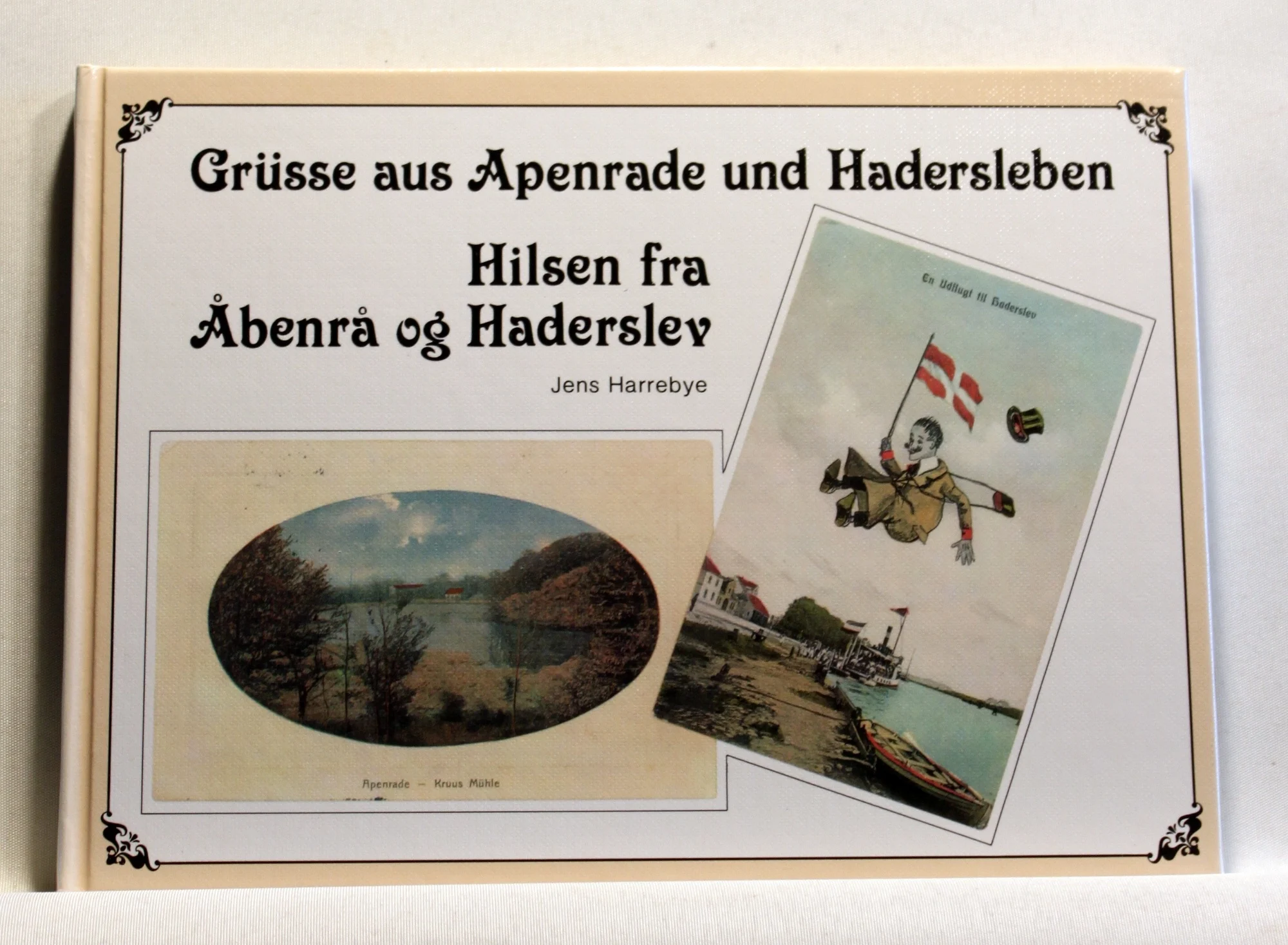 Grusse von Apenrade und Hadersleben. Hilsen fra Abenra og Haderslev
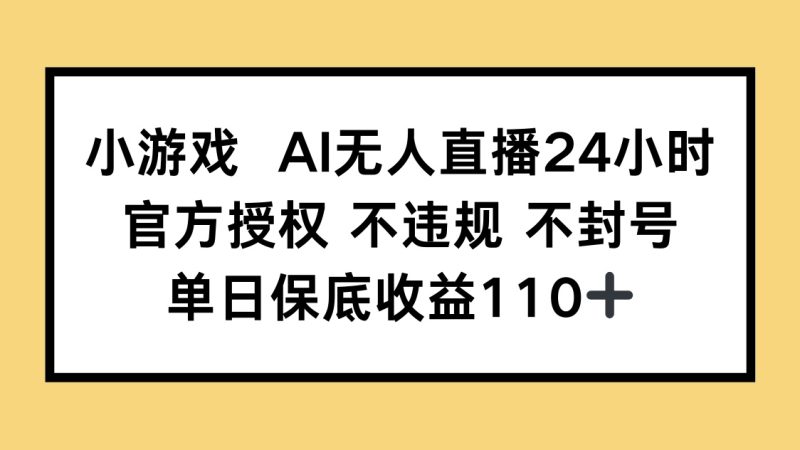 小游戏AI无人直播，官方授权 不违规 不封号，单日保底收益110+-余宽网创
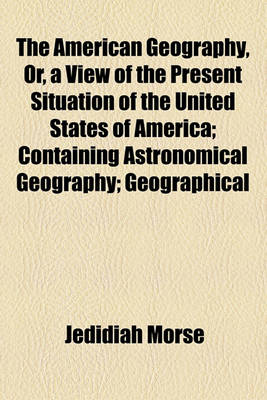 Book cover for The American Geography, Or, a View of the Present Situation of the United States of America; Containing Astronomical Geography; Geographical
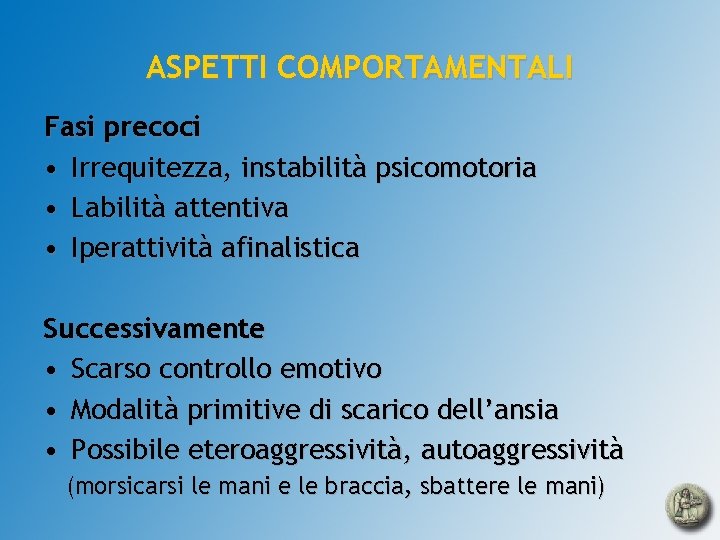 ASPETTI COMPORTAMENTALI Fasi precoci • Irrequitezza, instabilità psicomotoria • Labilità attentiva • Iperattività afinalistica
----
# [Exercise brief]
Set down the data above exactly as written. Omit the pictures.

# [Answer to this exercise]
 Grusse von Apenrade und Hadersleben. Hilsen fra Abenra og Haderslev
 小游戏AI无人直播，官方授权 不违规 不封号，单日保底收益110+-余宽网创
 Book cover for The American Geography, Or, a View of the Present Situation of the United States of America; Containing Astronomical Geography; Geographical
 ASPETTI COMPORTAMENTALI Fasi precoci • Irrequitezza, instabilità psicomotoria • Labilità attentiva • Iperattività afinalistica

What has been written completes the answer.